**YOUR GOAL**
Shown below are entries with pictures; the line with "this 640×427 image." through the line with "this 840×629 image." is the span to retype exactly, and the pictures stay out.

Top of RECORDS FOR THIS TASK

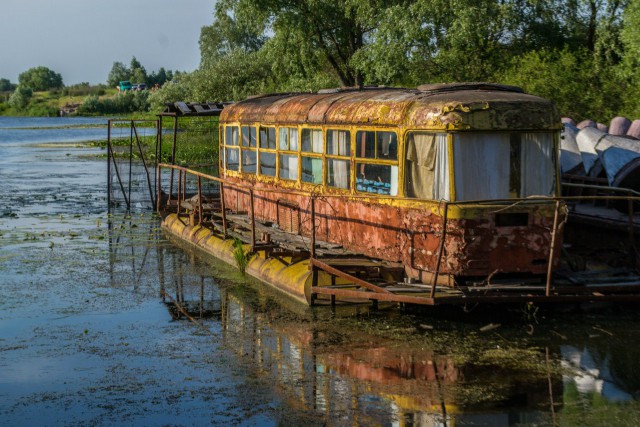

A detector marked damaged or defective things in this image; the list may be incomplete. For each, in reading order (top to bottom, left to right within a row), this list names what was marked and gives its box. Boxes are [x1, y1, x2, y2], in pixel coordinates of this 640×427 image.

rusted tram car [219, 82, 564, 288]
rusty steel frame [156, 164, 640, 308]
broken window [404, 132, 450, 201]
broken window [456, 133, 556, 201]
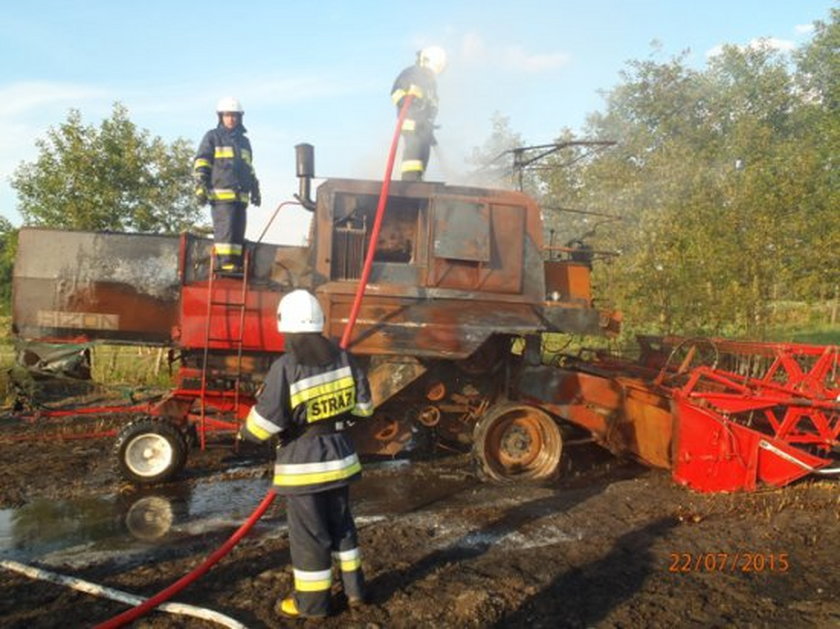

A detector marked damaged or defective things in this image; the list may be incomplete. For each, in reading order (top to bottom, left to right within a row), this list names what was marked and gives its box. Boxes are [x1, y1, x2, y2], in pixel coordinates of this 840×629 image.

Bottom of RECORDS FOR THIS TASK
Top of RECORDS FOR THIS TASK

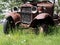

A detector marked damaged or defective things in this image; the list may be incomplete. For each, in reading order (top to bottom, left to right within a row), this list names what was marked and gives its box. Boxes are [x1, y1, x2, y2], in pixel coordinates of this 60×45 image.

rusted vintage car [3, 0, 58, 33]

Bottom of RECORDS FOR THIS TASK

**EXPECTED OUTPUT**
A detector marked damaged or defective things in this image; the list may be incomplete. For each, in reading order (top to bottom, left to right within a row), this list names what was marked and gives its box. Boxes are [x1, y1, x2, y2], in pixel coordinates of this 640×427 image.

rusted tram car [219, 82, 564, 288]
rusty steel frame [156, 164, 640, 308]
broken window [404, 132, 450, 201]
broken window [456, 133, 556, 201]

A detector marked damaged or defective things in this image; the list may be incomplete. For each, in reading order (top to bottom, left to right within a row), this list names what was marked and gives its box. Boxes are [x1, y1, x2, y2], in pixel coordinates of this 840×629 image.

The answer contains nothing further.